After launching the electronics category which offers televisions, cell phones and laptops, the Amazon Brazil marketplace overnight added 300 new sellers.
Launched in 2012 as a Kindle store, Amazon Brazil started selling print books in 2014. Then in April this year it opened a marketplace for third-party sellers, but only to sell books still. Since then the marketplace grew to just over 1,400 sellers. By adding new sellers in Electronics it is now over 1,700 sellers strong.
Brazil is estimated to be the 10th largest e-commerce market in the world. Amazon is a leader in half of those (United States, United Kingdom, Canada, France, Germany, and Japan), so going after Brazil beyond selling books was inevitable.
Amazon’s main competitor in Brazil is Mercado Libre. Their stock price has fallen over 14% in a week, as Amazon’s expansion was starting to get rumored to happen. Brazil is the key market for Mercado Libre, accounting for more than half of sales. Mercado Libre has been growing steadily for years - it sold 61 million items last quarter, up from 43 million in 2016, and up from 30 million in 2015 - and we still think it is better positioned to win in the market than Amazon is.
Previously in MercadoLibre Went from Being the eBay to the Amazon of Latin America we wrote:
“Latin America has much lower internet penetration than the US, and e-commerce as a percentage of total retail sales is half that of the US. This presents untapped potential in the future. Today MercadoLibre is better positioned to dominate the market than Amazon could be. Many of the countries MercadoLibre operates in are too small for Amazon to be worth the effort, and as time goes by the infrastructure and local-specific solutions it builds will be hard for Amazon to copy.”
In terms of the marketplace more than 2 million sellers have sold on Mercado Livre in Brazil since its launch in October 1999. However many of those sellers only ever sold a few items, as just like eBay any user can start selling - less than 10% of those 2 million sellers sold more than 100 items.
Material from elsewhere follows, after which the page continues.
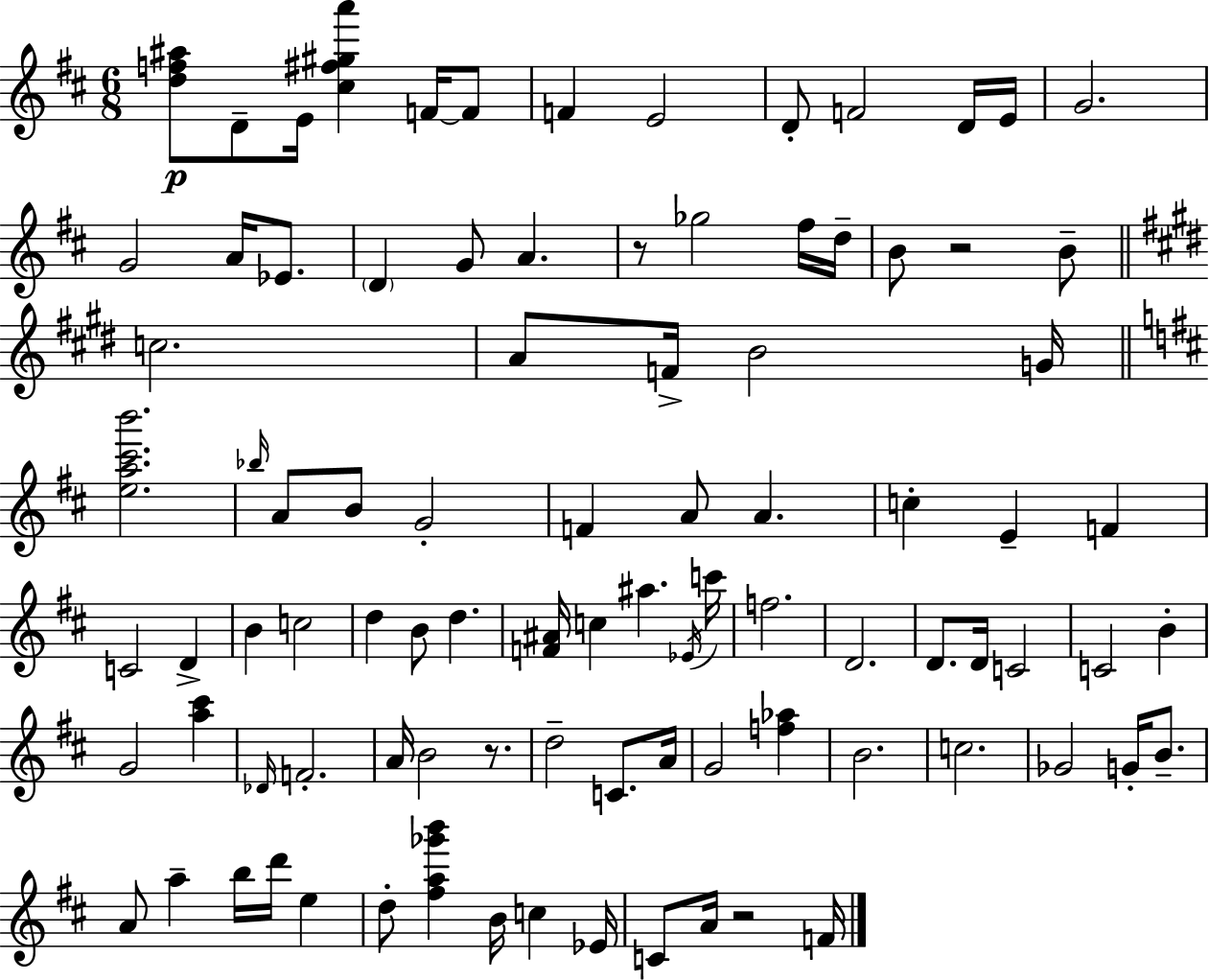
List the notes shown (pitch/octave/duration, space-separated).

[D5,F5,A#5]/e D4/e E4/s [C#5,F#5,G#5,A6]/q F4/s F4/e F4/q E4/h D4/e F4/h D4/s E4/s G4/h. G4/h A4/s Eb4/e. D4/q G4/e A4/q. R/e Gb5/h F#5/s D5/s B4/e R/h B4/e C5/h. A4/e F4/s B4/h G4/s [E5,A5,C#6,B6]/h. Bb5/s A4/e B4/e G4/h F4/q A4/e A4/q. C5/q E4/q F4/q C4/h D4/q B4/q C5/h D5/q B4/e D5/q. [F4,A#4]/s C5/q A#5/q. Eb4/s C6/s F5/h. D4/h. D4/e. D4/s C4/h C4/h B4/q G4/h [A5,C#6]/q Db4/s F4/h. A4/s B4/h R/e. D5/h C4/e. A4/s G4/h [F5,Ab5]/q B4/h. C5/h. Gb4/h G4/s B4/e. A4/e A5/q B5/s D6/s E5/q D5/e [F#5,A5,Gb6,B6]/q B4/s C5/q Eb4/s C4/e A4/s R/h F4/s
During the 18 years of operations Mercado Libre has become more like Amazon both in terms of functionality, and services offered.
Amazon doesn’t have a Fulfillment by Amazon (FBA) offering in Brazil yet (for example when it launched in Mexico in 2015 it had the FBA service from day one). Prime memberships, and FBA have been key in other markets so without those Amazon appears to be just testing the market. Interestingly Amazon itself doesn’t sell any products in the Electronics category, utilizing third-party sellers to kickstart their catalog.
1,700 marketplace sellers on Amazon Brazil is tiny compared to the main competitor Mercado Libre’s 2 million, but it is a first move by Amazon to expand in Brazil. The true test for it though will be when it launches the full catalog, and the FBA service for sellers to use.